**WHAT YOU SHOULD DO:**
What is needed is an exact copy of the lines in the listing below, from the one with "Oltremare Васто" up to and including the one with "To Save You", with no other lines.

:: RECORDS FOR THIS TASK ::

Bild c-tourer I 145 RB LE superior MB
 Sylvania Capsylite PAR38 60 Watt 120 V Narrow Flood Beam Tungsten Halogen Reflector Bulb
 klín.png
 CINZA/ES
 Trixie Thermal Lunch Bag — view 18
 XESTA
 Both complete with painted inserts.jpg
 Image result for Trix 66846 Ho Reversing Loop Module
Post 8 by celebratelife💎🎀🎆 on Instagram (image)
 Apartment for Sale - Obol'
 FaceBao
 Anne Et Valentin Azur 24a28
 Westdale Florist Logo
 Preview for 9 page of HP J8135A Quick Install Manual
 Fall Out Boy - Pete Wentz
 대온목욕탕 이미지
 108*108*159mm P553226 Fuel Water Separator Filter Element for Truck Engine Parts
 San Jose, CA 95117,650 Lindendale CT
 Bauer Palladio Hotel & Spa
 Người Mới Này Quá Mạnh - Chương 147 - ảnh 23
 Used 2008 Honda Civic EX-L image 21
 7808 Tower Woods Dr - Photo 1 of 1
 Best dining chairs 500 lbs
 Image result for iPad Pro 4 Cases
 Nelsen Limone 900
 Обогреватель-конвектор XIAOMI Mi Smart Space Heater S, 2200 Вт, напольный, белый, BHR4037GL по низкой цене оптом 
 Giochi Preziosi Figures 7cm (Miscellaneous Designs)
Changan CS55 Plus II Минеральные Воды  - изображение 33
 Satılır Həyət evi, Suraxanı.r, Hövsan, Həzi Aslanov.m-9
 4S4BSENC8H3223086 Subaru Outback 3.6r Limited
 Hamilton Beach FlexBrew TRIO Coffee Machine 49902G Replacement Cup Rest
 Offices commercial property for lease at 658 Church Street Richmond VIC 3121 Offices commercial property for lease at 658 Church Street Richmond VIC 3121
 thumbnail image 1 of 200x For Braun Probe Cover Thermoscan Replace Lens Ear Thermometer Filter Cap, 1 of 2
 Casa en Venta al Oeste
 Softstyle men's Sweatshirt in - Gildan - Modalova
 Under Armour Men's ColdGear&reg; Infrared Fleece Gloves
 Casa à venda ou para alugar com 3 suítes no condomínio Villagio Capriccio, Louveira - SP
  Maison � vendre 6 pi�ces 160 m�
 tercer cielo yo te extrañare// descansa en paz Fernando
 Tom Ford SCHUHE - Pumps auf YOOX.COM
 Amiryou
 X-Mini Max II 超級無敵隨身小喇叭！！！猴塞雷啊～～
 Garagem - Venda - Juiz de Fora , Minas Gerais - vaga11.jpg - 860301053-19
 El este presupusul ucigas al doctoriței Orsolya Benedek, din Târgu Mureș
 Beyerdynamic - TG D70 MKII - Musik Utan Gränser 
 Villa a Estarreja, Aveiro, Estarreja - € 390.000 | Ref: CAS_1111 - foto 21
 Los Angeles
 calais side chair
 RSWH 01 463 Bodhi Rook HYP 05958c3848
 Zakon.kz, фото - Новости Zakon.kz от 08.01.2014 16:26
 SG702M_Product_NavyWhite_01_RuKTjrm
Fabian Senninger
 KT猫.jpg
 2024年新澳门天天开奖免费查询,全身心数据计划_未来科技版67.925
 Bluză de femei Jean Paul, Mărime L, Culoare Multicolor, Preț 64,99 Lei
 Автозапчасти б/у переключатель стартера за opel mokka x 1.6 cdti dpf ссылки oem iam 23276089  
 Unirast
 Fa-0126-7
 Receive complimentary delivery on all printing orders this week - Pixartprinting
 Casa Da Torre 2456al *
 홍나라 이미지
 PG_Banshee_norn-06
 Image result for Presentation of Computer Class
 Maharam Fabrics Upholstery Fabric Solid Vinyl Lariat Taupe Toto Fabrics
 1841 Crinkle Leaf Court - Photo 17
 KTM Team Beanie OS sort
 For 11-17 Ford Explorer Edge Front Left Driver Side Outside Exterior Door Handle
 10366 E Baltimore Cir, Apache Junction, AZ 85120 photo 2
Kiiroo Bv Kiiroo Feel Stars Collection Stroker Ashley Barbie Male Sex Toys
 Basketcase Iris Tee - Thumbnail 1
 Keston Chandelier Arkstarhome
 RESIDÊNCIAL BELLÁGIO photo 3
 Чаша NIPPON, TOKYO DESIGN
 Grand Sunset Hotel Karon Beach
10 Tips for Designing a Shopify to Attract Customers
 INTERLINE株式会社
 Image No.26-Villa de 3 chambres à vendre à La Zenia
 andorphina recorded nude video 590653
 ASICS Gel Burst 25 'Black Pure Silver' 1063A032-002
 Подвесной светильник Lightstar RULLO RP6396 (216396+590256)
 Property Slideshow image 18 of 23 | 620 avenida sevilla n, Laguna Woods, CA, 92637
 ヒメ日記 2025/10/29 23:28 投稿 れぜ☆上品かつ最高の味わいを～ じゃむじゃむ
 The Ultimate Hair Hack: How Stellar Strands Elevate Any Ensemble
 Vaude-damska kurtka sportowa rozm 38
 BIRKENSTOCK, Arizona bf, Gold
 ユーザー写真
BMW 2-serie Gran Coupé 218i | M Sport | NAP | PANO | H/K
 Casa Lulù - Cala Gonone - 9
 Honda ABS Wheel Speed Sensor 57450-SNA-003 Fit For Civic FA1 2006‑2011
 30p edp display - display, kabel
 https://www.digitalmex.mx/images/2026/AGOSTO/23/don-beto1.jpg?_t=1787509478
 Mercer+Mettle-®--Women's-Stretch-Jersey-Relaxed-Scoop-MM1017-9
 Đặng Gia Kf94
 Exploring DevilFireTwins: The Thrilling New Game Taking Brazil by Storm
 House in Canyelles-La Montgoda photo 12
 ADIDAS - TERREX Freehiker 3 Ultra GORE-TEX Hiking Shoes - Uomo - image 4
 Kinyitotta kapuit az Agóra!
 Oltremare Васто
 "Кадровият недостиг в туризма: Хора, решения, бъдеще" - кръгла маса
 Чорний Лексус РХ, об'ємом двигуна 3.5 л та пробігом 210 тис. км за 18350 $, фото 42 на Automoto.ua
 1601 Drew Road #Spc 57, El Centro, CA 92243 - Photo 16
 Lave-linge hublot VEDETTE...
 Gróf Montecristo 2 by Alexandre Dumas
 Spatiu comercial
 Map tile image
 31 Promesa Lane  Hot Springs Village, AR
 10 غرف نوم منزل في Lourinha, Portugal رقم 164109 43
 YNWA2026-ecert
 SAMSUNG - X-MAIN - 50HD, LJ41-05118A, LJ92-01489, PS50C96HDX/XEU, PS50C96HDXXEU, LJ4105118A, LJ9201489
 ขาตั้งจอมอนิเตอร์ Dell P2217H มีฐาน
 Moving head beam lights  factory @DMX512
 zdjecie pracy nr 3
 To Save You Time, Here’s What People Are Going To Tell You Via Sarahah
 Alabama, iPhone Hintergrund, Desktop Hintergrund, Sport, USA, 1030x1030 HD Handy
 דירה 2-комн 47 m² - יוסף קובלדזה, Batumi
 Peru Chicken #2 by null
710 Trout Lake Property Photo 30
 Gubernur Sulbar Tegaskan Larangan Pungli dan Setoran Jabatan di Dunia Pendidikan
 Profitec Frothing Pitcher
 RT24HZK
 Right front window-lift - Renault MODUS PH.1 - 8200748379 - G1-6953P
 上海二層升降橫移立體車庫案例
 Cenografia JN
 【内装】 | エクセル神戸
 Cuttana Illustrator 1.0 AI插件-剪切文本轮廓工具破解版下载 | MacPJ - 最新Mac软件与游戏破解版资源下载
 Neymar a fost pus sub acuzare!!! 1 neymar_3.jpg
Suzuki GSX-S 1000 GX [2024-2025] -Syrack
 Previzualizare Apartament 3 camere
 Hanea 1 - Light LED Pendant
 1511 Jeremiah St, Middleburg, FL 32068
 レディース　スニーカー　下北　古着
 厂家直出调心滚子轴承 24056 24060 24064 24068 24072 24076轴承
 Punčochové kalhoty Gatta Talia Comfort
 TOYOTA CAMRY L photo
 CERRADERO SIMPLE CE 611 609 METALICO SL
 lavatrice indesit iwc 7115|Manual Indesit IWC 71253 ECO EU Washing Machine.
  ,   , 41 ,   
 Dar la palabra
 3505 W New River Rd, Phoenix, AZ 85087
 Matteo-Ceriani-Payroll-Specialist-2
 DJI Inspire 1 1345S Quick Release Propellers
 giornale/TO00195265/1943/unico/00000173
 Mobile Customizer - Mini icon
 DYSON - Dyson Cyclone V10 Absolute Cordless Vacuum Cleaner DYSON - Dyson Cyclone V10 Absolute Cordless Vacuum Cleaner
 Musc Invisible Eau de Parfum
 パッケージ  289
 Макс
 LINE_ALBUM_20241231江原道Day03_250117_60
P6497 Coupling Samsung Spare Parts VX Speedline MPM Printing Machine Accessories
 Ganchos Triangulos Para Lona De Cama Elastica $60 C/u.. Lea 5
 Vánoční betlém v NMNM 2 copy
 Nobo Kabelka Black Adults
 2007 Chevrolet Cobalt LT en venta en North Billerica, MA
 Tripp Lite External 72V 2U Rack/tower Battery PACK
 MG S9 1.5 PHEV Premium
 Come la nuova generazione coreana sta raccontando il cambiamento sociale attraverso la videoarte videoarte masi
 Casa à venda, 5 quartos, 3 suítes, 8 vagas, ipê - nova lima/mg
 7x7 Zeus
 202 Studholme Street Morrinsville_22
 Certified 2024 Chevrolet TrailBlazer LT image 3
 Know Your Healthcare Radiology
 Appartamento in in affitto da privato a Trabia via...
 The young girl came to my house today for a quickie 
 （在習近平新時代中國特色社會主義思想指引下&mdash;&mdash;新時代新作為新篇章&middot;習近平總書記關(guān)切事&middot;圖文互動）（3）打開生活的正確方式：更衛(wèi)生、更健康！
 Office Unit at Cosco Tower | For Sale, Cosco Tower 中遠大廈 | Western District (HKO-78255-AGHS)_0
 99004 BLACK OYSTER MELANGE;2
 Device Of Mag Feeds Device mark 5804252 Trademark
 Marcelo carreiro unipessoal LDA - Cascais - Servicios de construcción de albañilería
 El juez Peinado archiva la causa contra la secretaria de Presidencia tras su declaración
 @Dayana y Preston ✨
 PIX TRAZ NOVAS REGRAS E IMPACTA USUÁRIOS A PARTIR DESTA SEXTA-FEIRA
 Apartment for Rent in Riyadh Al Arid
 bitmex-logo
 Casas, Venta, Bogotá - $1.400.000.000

:::

**ANSWER SPACE:**
 Oltremare Васто
 "Кадровият недостиг в туризма: Хора, решения, бъдеще" - кръгла маса
 Чорний Лексус РХ, об'ємом двигуна 3.5 л та пробігом 210 тис. км за 18350 $, фото 42 на Automoto.ua
 1601 Drew Road #Spc 57, El Centro, CA 92243 - Photo 16
 Lave-linge hublot VEDETTE...
 Gróf Montecristo 2 by Alexandre Dumas
 Spatiu comercial
 Map tile image
 31 Promesa Lane  Hot Springs Village, AR
 10 غرف نوم منزل في Lourinha, Portugal رقم 164109 43
 YNWA2026-ecert
 SAMSUNG - X-MAIN - 50HD, LJ41-05118A, LJ92-01489, PS50C96HDX/XEU, PS50C96HDXXEU, LJ4105118A, LJ9201489
 ขาตั้งจอมอนิเตอร์ Dell P2217H มีฐาน
 Moving head beam lights  factory @DMX512
 zdjecie pracy nr 3
 To Save You Time, Here’s What People Are Going To Tell You Via Sarahah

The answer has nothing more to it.